If Chuck Norris was an electrical plug, he'd be this one.
With the facility wiring out of the way, I could finally try hooking up the 10HP monster and seeing if the blasted thing would spin. I took the disconnect box I bought from Igor and slapped a pair of 100 amp fuses into it (one fuse for each of the incoming lines). Really, I didn’t need fuses here at all – the breaker will pop way before the fuses go, but it was more expedient using ready-to-go fuses than trying to find some copper plate to use in their place. I then ran wires from the bottom of the disconnect panel to the 10HP motor – 2 ‘hot’ wires and one ground, with the third phase on the motor left unattached to anything. I used wire nuts for the actual wire attachment and electrical tape to cover up any scary looking bare conductors. I then ran a cable off the top (input) of the disconnect panel and connected it to a 3-pole plug suitable for insertion into the 50 amp outlet. The disconnect panel is basically just a switch. A really big, mean, nasty, mad-scientist movie type of switch, reminiscent of the giant knife switches you’d see in Frankenstein’s lab. The lever on the side actually takes a bit of force to move between ‘on’ and ‘off’, and it makes a satisfying ‘ka-chunk’ when toggled. This ain’t no lightswitch, kids.
Disconnect panel exteriorInside the disconnect panel - the three hook shaped contacts to the left of the fuses rotate downwards to complete the circuit as the lever is switched into the 'on' position
The scary part of testing the 10HP motor wasn’t just that I had to apply 50 amps of circuit juice to the beast, it was that I had to apply power with the motor spinning. You see, once a 3-phase motor is spinning under proper 3-phase power, you can disconnect one of the phases and have it still run (known as ‘single-phasing’, which is generally not desirable, as voltages start getting wonky). But you can’t apply single phase power to a stationary 3-phase motor and have it magically spin up – this requires special capacitors, which I did not have. What’s needed is a ‘pony motor’ (usually just a small 120v single phase motor) that you can couple temporarily to the idler to get it spinning, then pull away the pony motor and apply single phase power to the idler. Of course, then I’d have to wire up another blasted motor and figure out how to couple it to the idler and… Well, there is of course a simpler solution, which starts getting into ‘horrible kludge’ territory – use a pull cord of some sort wrapped around the idler motor shaft. I used the end of a tie-down strap, and wound it around the motor shaft about a dozen times (motor bearings were really nice and smooth, I noted – certainly a good sign). I plugged the power cable from the disconnect box into the wall outlet and flipped on the breaker. All that remained was to give the strap a smooth, forceful pull, then quickly flip the disconnect lever upward to apply power. Everything I read said it should work, yet looking at those big copper wires still gives one pause – a healthy respect for electricity does tend to keep one alive, after all. I grabbed onto the strap and… had a second thought and rummaged around for my safety glasses.

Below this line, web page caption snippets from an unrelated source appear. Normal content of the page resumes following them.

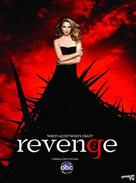 &quot;Revenge&quot; - Movie Poster (xs thumbnail)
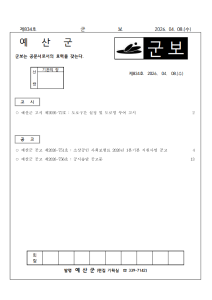 예산군 군보(제834호)
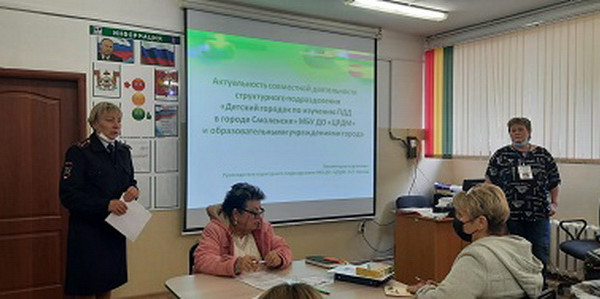 Сотрудники ГИБДД провели семинар с педагогами образовательных учреждений Смоленска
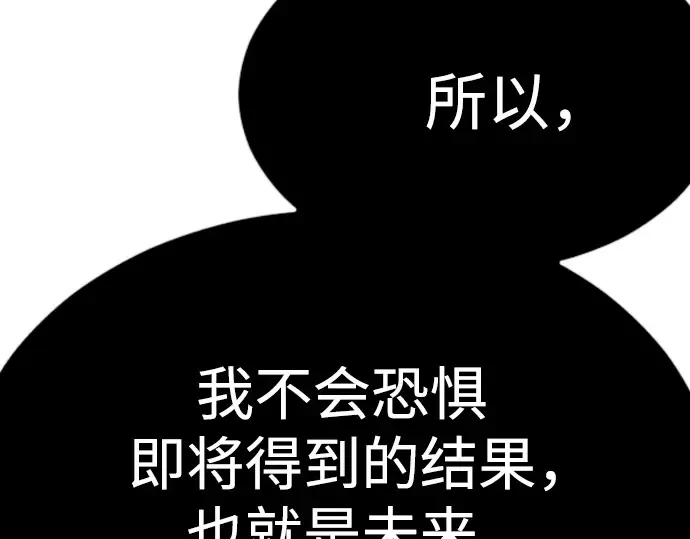 第二季 第71话 第309页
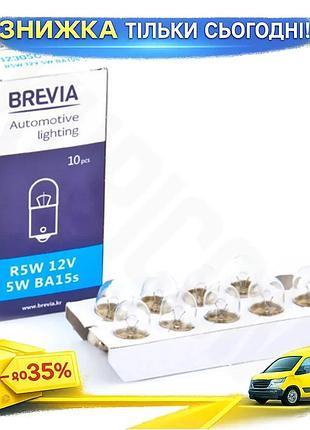 Ku лампа накаливания brevia universal fit 12v 5w ba15s белая для авто замена штатных ламп освещение 10 uni2l_k
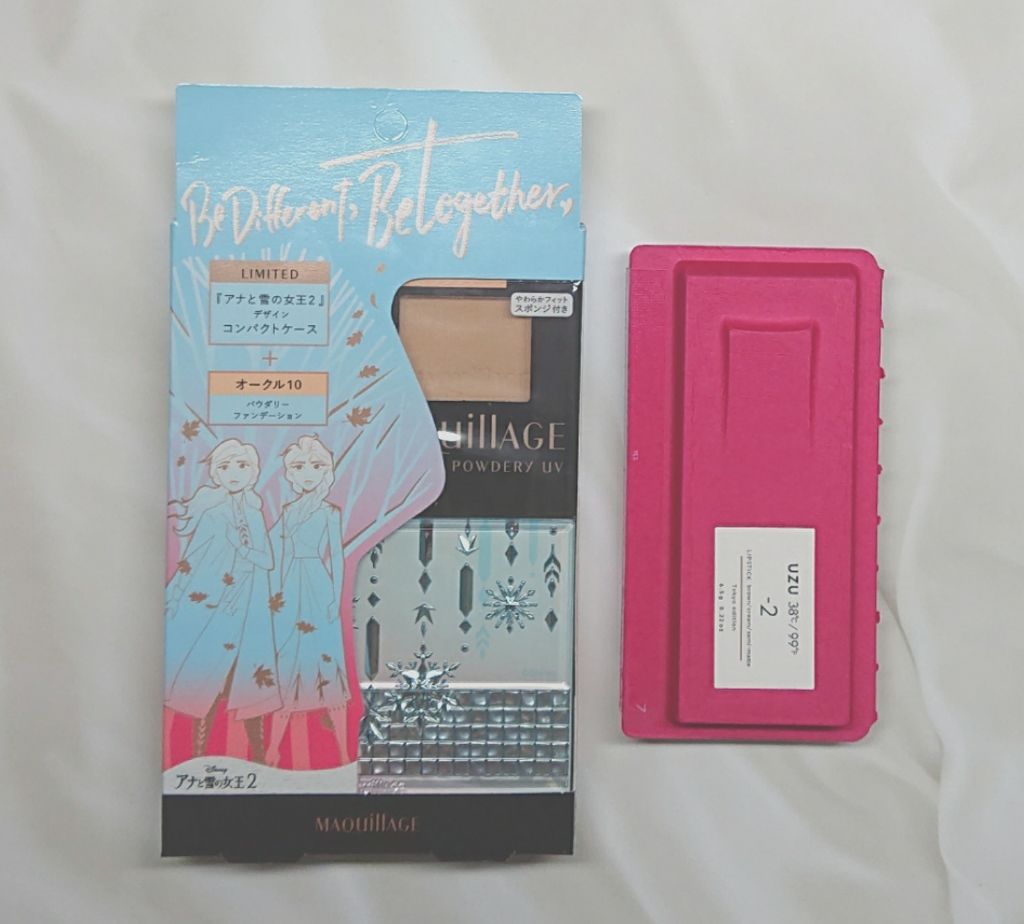 ドラマティックパウダリー UV/マキアージュ/パウダーファンデーションを使ったクチコミ（1枚目）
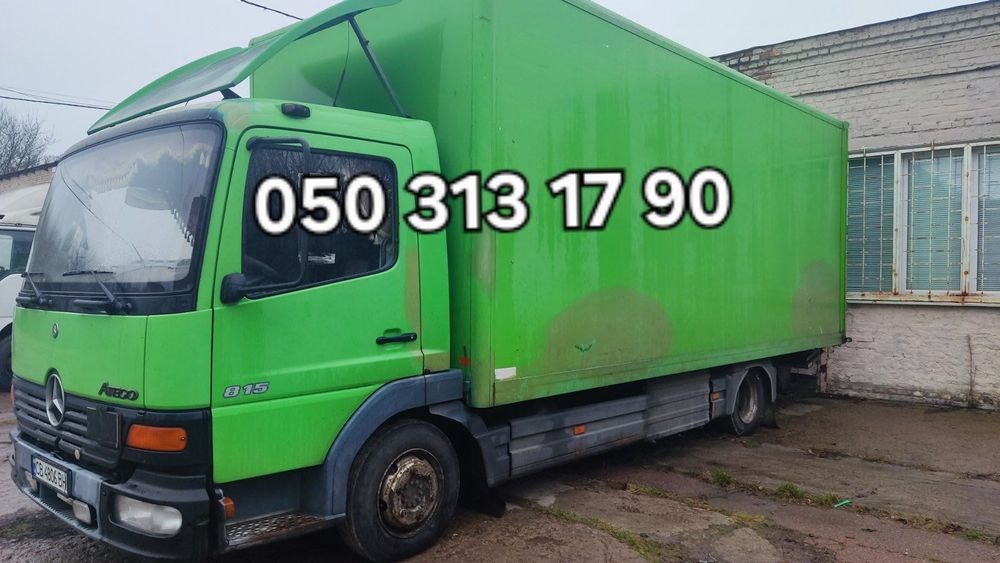 Грузоперевозки Недорого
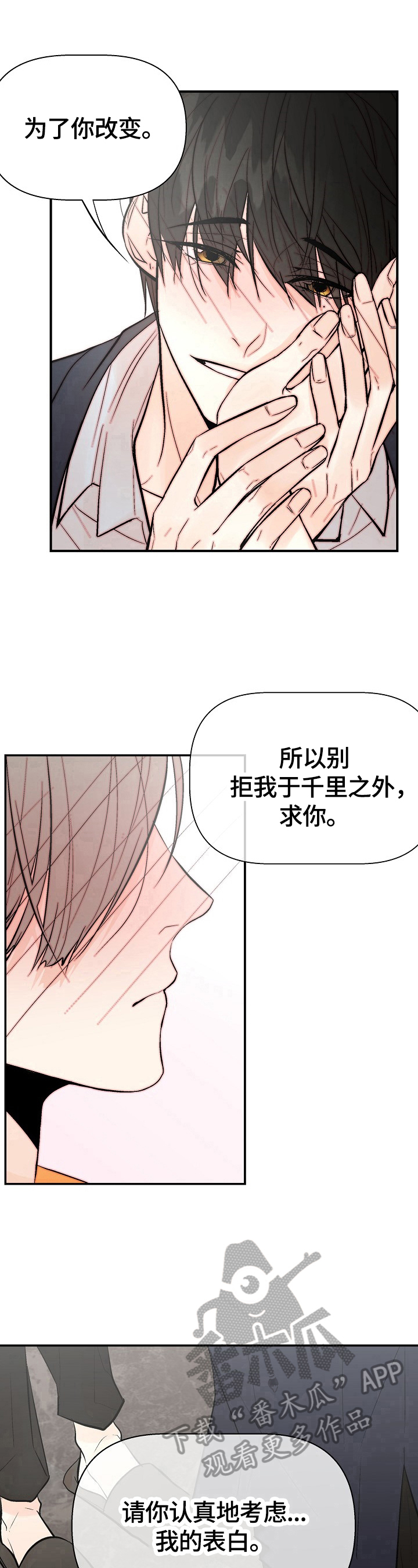 劣质的他漫画免费非麻瓜漫画,第35章：表白2图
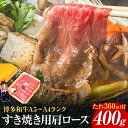 【ふるさと納税】博多和牛A5〜A4 すき焼用 肩ローススライス400g たれ付【化粧箱入】お取り寄せグルメ お取り寄せ 福岡 お土産 九州 福岡土産 取り寄せ ...
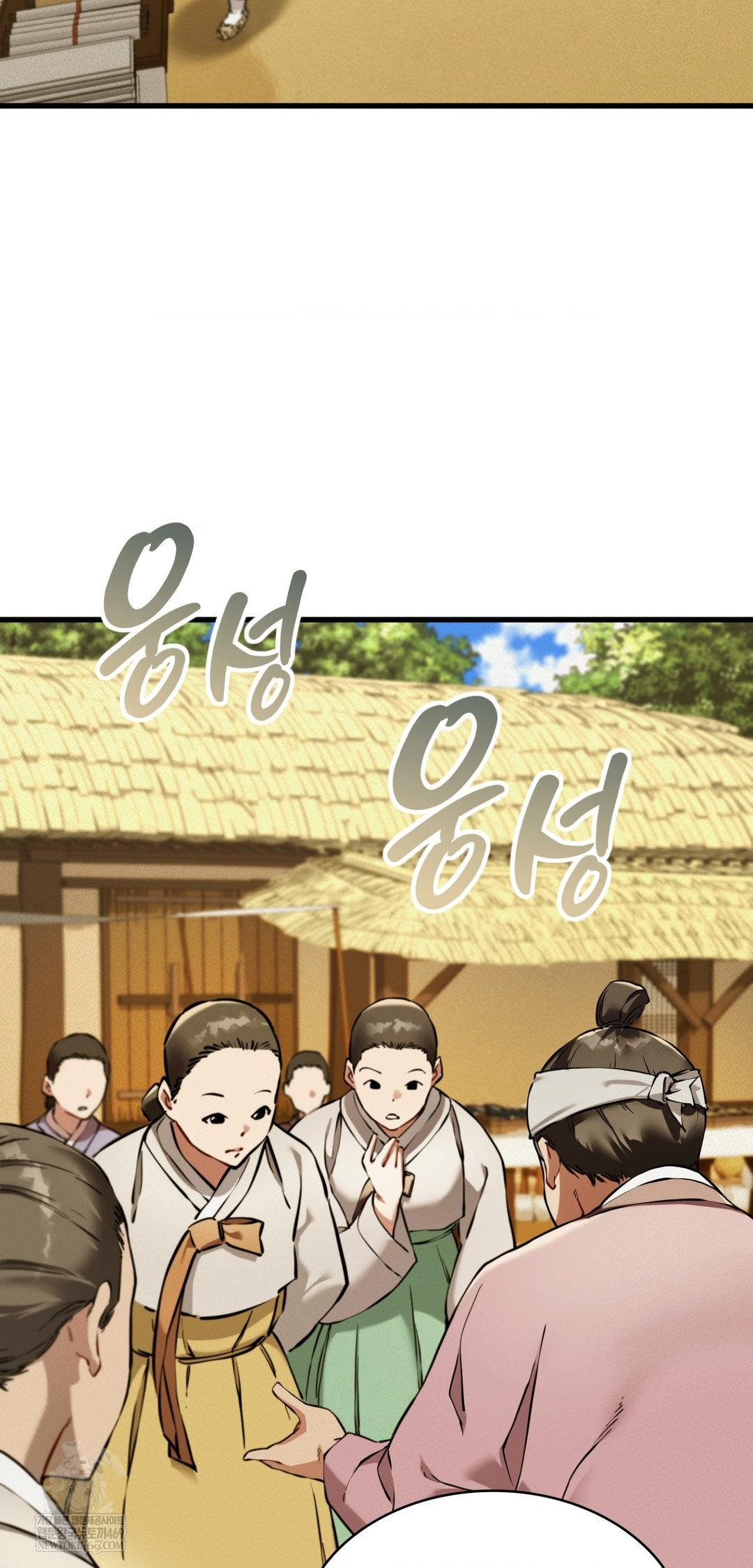 The Man Who Became a Eunuch Raw - Chapter 19 [photo 2] - MangaPorn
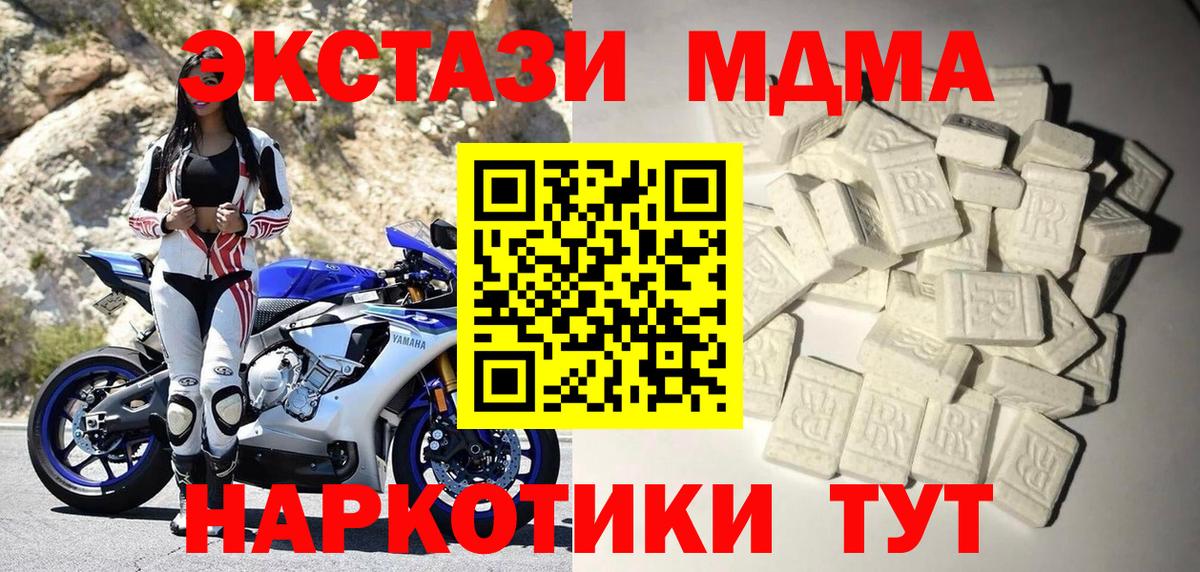 Лянтор  MDMA кристаллы  MDMA crystal  Вход с VPN 
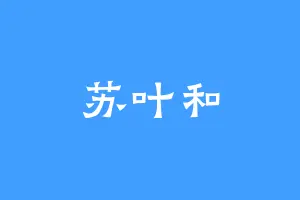 苏叶和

Eye protection in place for any mishaps (note to self – buy fire extinguisher for the garage), I yanked the strap, tossed it behind me (loose straps and spinning shafts are not a good combo) and shoved the disconnect lever upwards to ‘on’. The motor kept going, but it didn’t appear happy, making a disconcerting waohwaohwaohwaohwaoh noise, and it looked like the shaft wasn’t spinning nearly as fast as it should. I stared at it in puzzlement for a few moments before hearing a ‘clack’ from the breaker panel. Tripping the breaker meant it had certainly been drawing more current than it should have, and I wondered if perhaps I didn’t have it spinning fast enough. After allowing a few minutes for the breaker to cool off, I wrapped the strap around the motor shaft once more and gave it a more forceful pull this time, getting it to a faster speed before applying power at the disconnect. This time the motor happily revved up to its rated speed, emitting only a quiet, gentle hum that belied the massive power that it was capable of.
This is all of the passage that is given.